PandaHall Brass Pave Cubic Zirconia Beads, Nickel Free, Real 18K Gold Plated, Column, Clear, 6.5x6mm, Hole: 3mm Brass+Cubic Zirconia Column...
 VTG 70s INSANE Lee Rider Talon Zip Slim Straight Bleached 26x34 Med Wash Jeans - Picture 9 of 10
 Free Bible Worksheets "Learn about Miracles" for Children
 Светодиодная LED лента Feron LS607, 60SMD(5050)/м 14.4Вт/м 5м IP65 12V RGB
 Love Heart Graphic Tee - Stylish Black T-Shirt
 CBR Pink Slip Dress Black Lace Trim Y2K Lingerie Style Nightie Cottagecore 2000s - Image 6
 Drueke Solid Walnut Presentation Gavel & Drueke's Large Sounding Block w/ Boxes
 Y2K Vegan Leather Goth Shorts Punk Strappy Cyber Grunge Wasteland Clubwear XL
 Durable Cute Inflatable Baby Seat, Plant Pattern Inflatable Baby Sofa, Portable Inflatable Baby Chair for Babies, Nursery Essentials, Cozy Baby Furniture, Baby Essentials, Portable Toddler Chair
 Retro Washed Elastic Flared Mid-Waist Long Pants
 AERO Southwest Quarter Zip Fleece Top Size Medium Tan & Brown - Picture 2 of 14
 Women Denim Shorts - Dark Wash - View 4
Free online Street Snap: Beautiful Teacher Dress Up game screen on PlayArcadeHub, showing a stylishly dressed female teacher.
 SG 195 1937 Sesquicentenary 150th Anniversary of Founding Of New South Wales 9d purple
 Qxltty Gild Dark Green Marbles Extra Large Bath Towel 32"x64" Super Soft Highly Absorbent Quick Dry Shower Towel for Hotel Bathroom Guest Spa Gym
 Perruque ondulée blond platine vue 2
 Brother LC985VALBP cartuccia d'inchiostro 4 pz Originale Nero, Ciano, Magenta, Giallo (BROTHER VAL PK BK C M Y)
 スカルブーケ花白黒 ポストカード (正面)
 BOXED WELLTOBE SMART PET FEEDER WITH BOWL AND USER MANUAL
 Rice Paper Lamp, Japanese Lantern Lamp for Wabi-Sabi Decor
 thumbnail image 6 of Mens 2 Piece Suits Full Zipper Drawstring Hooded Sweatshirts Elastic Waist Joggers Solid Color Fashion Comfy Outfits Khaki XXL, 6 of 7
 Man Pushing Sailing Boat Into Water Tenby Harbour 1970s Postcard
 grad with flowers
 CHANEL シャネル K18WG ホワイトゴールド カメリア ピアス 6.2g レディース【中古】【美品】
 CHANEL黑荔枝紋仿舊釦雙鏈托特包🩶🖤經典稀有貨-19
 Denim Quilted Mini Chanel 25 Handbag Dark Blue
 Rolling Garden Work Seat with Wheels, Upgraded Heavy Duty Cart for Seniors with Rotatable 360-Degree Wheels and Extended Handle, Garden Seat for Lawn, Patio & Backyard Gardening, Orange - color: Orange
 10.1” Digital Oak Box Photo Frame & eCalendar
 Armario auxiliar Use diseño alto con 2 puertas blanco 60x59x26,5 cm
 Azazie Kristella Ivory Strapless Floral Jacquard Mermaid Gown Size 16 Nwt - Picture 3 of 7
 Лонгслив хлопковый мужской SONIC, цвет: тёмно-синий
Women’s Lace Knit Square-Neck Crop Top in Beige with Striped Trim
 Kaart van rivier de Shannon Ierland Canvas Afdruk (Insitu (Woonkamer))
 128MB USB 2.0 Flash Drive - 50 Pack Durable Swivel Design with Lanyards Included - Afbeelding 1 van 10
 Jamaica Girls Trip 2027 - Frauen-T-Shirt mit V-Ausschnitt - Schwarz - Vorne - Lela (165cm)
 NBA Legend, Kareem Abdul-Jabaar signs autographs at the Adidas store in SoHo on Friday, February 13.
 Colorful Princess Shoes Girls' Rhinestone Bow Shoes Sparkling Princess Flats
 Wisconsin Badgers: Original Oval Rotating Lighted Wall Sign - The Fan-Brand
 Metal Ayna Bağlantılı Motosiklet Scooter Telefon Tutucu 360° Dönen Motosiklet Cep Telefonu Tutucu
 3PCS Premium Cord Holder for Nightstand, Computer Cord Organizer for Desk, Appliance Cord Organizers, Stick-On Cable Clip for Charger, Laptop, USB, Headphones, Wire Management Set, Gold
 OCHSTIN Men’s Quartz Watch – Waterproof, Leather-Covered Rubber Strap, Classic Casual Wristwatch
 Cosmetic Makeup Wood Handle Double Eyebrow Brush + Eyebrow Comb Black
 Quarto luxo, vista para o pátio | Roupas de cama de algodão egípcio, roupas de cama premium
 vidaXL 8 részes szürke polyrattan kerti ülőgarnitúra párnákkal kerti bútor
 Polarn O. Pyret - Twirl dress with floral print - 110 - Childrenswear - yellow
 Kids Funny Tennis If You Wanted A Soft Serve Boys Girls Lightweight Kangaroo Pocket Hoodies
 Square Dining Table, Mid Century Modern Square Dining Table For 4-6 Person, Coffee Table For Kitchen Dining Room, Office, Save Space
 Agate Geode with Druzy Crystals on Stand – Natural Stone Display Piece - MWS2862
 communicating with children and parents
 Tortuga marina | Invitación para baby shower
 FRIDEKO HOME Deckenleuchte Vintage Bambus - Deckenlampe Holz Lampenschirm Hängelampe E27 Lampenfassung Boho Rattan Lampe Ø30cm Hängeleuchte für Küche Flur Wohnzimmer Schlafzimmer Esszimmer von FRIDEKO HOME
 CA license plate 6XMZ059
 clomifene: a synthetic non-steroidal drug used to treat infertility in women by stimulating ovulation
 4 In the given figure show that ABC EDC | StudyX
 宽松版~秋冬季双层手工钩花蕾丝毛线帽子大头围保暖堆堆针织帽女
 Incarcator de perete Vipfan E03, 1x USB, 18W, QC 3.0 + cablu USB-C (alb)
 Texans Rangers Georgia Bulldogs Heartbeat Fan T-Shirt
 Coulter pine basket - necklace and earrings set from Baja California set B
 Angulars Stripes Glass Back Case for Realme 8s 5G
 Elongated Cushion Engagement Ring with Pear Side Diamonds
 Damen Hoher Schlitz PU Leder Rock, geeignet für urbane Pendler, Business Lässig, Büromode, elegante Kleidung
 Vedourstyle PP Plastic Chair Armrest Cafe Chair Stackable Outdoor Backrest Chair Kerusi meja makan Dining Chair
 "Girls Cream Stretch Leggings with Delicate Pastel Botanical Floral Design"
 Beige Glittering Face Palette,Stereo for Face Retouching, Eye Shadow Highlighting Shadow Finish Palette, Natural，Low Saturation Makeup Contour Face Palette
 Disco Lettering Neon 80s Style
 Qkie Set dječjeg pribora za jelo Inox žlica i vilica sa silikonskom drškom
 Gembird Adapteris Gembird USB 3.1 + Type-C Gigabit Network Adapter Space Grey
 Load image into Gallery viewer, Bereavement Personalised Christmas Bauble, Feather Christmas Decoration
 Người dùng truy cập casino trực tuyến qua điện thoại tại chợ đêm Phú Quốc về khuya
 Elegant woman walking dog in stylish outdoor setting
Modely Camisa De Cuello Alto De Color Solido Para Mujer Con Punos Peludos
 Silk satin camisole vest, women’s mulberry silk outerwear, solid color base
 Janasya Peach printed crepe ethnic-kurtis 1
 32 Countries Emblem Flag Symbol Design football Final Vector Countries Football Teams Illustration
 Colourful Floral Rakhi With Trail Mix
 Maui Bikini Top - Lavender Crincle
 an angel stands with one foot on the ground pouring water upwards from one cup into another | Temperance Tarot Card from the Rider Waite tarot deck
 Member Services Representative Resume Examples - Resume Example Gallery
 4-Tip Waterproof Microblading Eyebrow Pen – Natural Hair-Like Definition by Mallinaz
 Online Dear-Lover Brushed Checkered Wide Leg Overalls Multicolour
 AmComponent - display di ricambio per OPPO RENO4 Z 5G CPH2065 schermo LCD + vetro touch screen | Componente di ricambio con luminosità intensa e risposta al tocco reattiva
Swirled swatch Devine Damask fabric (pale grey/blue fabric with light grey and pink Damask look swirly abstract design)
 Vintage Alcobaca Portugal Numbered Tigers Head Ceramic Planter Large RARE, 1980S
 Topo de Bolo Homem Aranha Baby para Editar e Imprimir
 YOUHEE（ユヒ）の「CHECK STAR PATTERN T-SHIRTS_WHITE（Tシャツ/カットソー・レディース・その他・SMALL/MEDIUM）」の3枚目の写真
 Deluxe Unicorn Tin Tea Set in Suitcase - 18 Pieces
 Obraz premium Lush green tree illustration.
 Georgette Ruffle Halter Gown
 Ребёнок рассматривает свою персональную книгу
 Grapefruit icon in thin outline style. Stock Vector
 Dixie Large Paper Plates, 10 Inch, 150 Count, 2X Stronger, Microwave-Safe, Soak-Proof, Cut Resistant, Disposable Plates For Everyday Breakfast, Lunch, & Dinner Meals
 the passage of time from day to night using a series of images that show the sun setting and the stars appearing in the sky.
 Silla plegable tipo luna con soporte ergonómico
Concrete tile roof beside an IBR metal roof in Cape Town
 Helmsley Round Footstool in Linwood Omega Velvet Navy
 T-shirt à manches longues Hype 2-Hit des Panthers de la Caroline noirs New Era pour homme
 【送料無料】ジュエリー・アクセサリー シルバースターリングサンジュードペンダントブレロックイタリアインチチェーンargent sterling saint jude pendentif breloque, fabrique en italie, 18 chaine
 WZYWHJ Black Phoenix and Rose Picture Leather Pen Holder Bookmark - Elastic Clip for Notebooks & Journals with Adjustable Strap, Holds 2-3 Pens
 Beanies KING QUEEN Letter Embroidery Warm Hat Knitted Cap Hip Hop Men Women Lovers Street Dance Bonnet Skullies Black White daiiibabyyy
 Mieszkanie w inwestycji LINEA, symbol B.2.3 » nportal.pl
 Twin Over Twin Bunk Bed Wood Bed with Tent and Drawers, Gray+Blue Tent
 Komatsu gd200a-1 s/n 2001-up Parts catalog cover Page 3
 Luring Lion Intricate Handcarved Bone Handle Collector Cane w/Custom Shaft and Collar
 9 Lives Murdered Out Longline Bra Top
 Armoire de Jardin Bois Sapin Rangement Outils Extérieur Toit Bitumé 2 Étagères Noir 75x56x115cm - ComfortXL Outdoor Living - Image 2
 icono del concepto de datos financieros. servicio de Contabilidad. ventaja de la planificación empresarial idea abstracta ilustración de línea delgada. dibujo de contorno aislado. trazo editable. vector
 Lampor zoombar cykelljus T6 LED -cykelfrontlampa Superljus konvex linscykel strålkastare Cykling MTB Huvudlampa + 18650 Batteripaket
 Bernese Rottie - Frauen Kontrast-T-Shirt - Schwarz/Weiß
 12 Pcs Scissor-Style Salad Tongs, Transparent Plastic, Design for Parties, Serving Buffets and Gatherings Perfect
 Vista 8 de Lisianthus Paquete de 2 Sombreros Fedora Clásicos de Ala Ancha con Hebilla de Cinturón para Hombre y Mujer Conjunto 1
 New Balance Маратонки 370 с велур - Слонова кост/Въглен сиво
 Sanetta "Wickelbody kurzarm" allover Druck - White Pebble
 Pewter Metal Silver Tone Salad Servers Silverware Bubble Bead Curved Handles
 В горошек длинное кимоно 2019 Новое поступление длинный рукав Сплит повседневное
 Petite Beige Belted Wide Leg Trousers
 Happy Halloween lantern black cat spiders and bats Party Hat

###

When a line in the records above contains the word "Vintage", copy it.

## ANSWER BELOW
 FRIDEKO HOME Deckenleuchte Vintage Bambus - Deckenlampe Holz Lampenschirm Hängelampe E27 Lampenfassung Boho Rattan Lampe Ø30cm Hängeleuchte für Küche Flur Wohnzimmer Schlafzimmer Esszimmer von FRIDEKO HOME
 Vintage Alcobaca Portugal Numbered Tigers Head Ceramic Planter Large RARE, 1980S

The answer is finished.